Distributed Memory Top-K Algorithm for Large K

119 Views Asked by At

I have a distributed array of rankings, of total size N irregularly distributed amongst NP processors, from which I need to extract the K largest elements. In the limit that K << N, K is smaller than any of the local buffer lengths, and K is relatively small in general (such that it can e.g. fit in reasonable MPI buffers), the following algorithm seems to work well

  1. Perform a local top-K search to determine the largest K values in each local array segment
  2. Perform a custom Allreduce which performs binary top-K reductions between buffers of size K coming from different processes.

This can be done in a semi-communication-optimal way given the communication patterns underlying MPI_Allreduce.

I'm unclear how this can be done efficiently without the above assumptions about the size of K relative to N and the local buffer sizes. In particular, I'm trying to determine an optimal (or reasonably scaling) algorithm that is compatible with the following:

  • K can be larger than some or all of the local buffer dimensions
  • K can be so large is to be impractical to communicate entirely (e.g. trying to determine the top billion elements of a 10 billon element array)

The full array nor the top-K elements need to be sorted on completion.

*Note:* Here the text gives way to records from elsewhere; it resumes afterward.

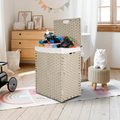 Laundry Hamper With Lid PE Rattan Powder Coating Frame...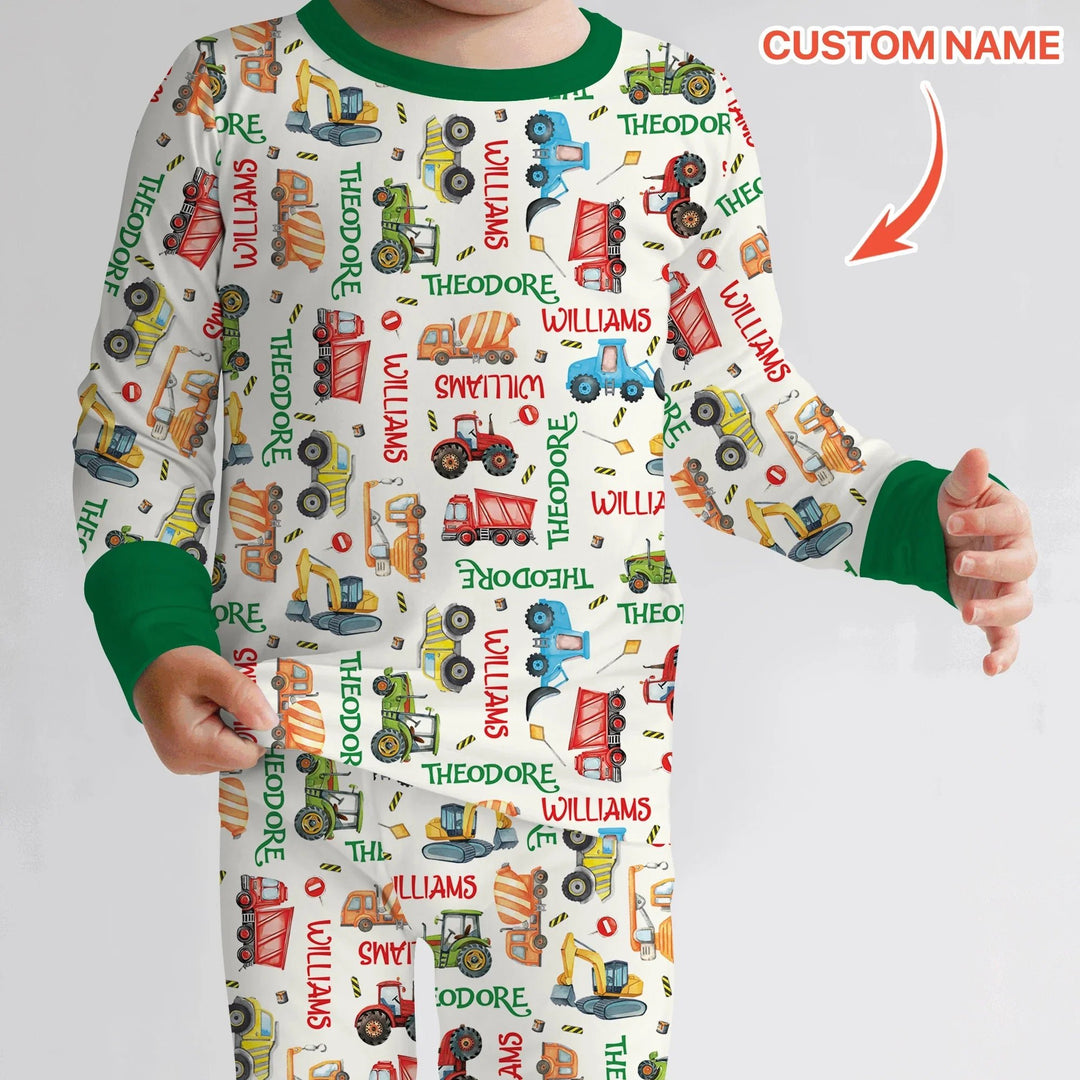 Personalized Tiny Trucks Parade Two Piece Long Sleeve Pajama Set , Personalized Tiny Trucks Parade Two Piece Long Sleeve Pajama Set - 12-18M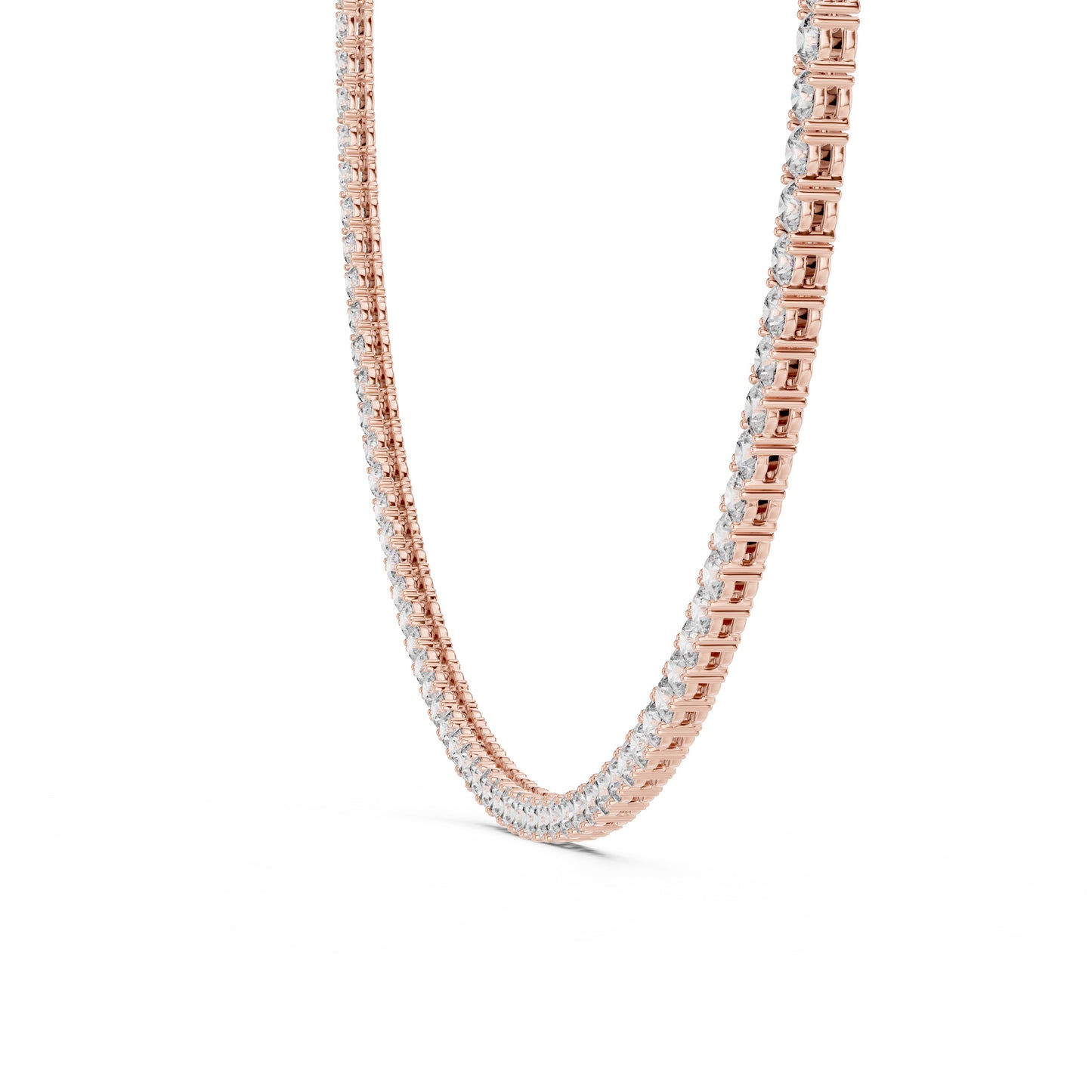 Rose gold tennis necklace with lab grown diamonds on a white background
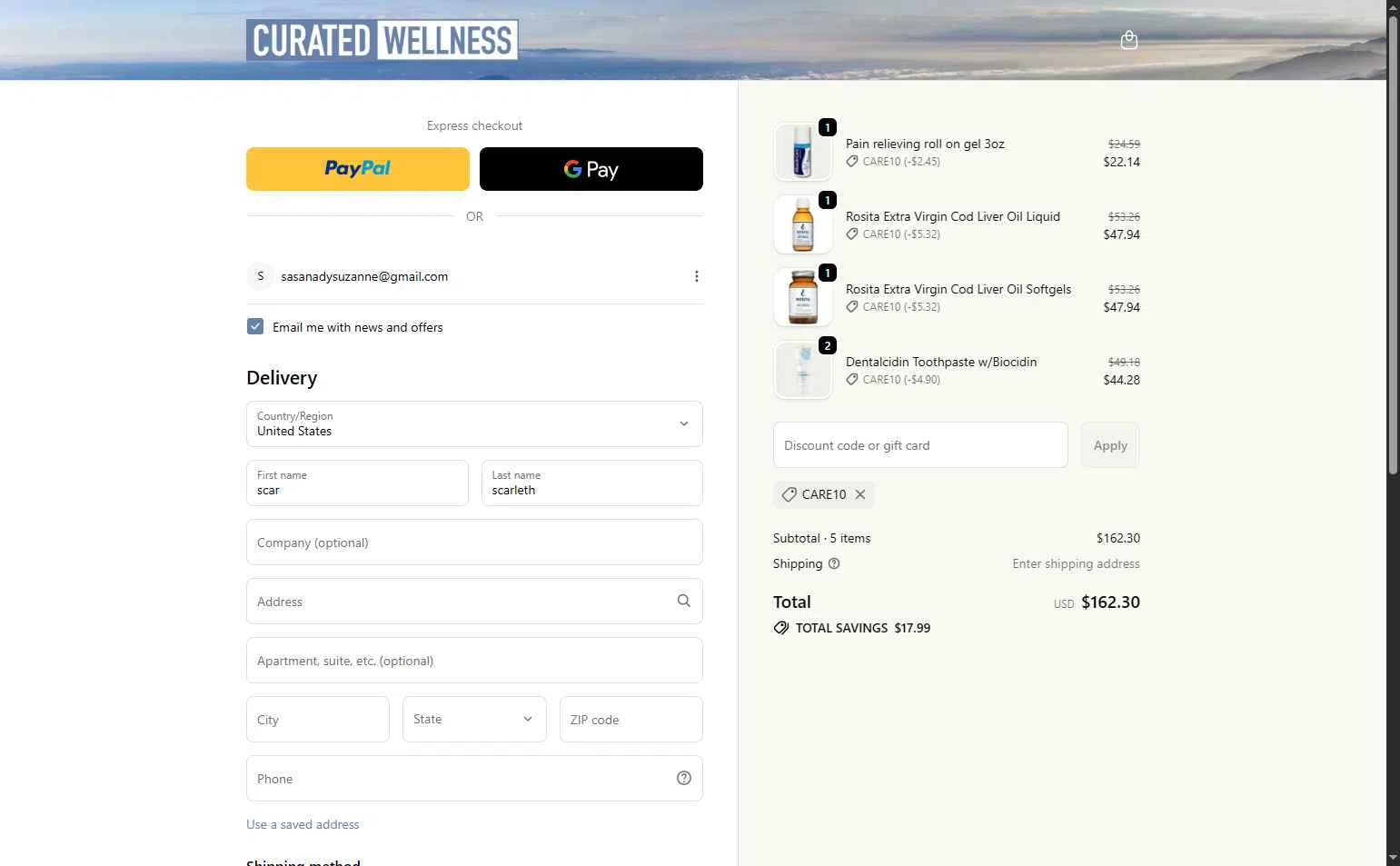 Curated Wellness checkout page showing Curated Wellness discount code box | Screenshot taken by SimplyCodes community member on Feb 2, 2026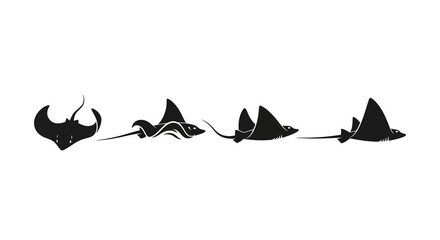 Fototapeta premium Stingray Silhouette Animation Sequence: Motion and Movement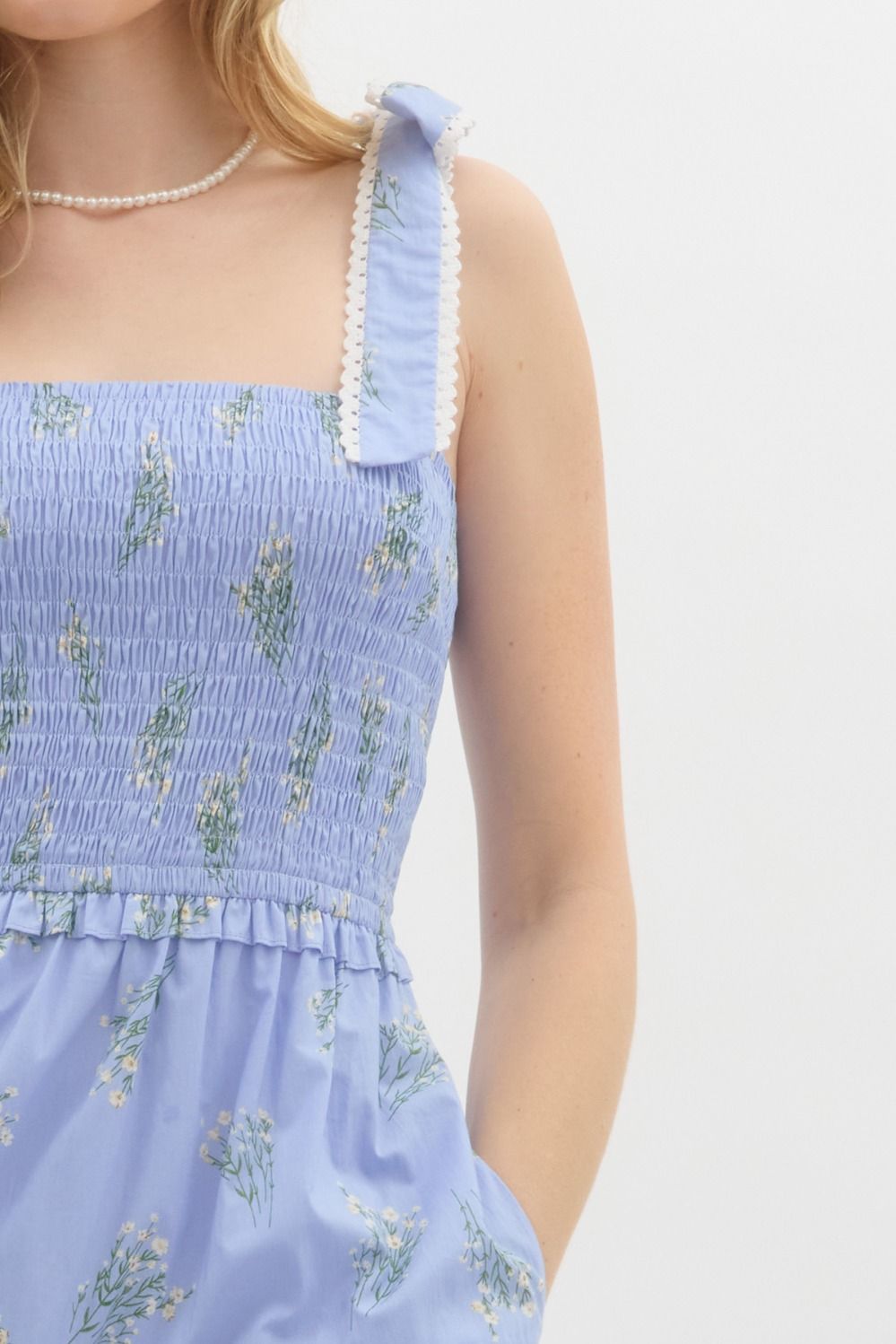 Floral Smocked Tie Shoulder Midi Dress - Entro - Lush Lemon Blue / L Floral Smocked Tie Shoulder Midi Dress - Entro - Lush Lemon Blue / L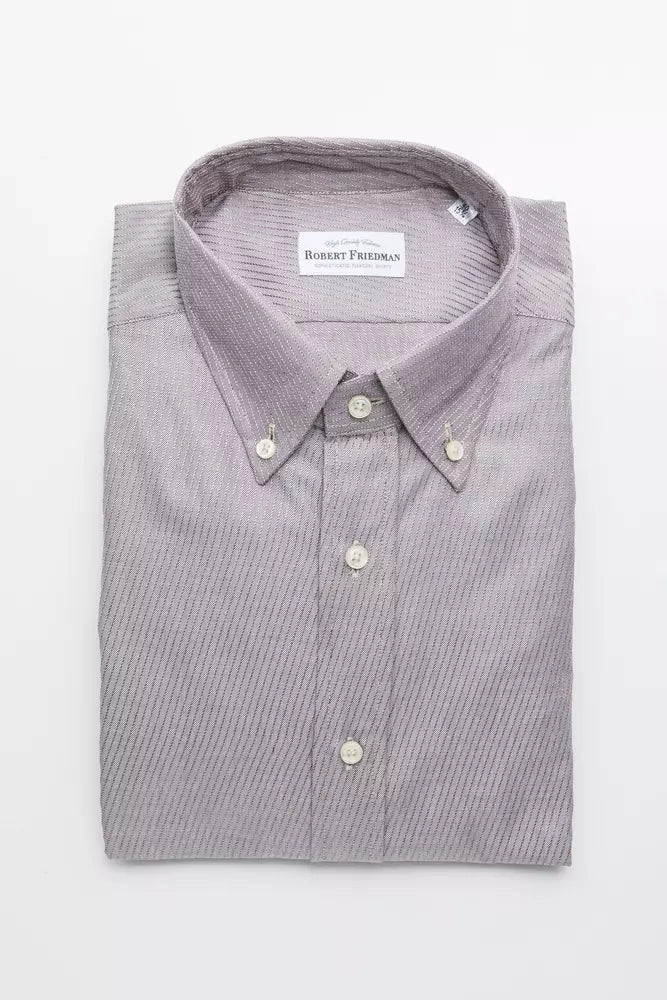 Robert Friedman Beige Cotton Men Shirt front view 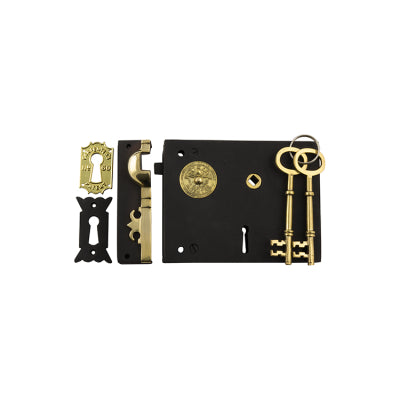 Tradco Rim Lock Carpenters Right Hand Unlacquered Brass Matt Black H120xW150mm Backset 93mm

For arrays which reside on a single processing element, the following questions are related:

Collect top K elements from multiple sorted arrays

Average time complexity of finding top-k elements

Optimal algorithm for returning top k values from an array of length N

1

There are 1 best solutions below

0
On

The key here is to find the top-K repeatedly, where each time you make K the largest value satisfying the original assumption.

Assuming you'd want to get top-K' where K' is greater than the local buffer and MPI communication sizes. You could do the following to eventually find top-K':

  1. Find top-K where K is the greatest value that fits inside local buffer and can be communicated with MPI.
  2. Append the K elements to the top array A, and remove them from the local arrays.
  3. Go back to #1 above until size(A) == K'.

The resulting array A should contain the top-K' elements.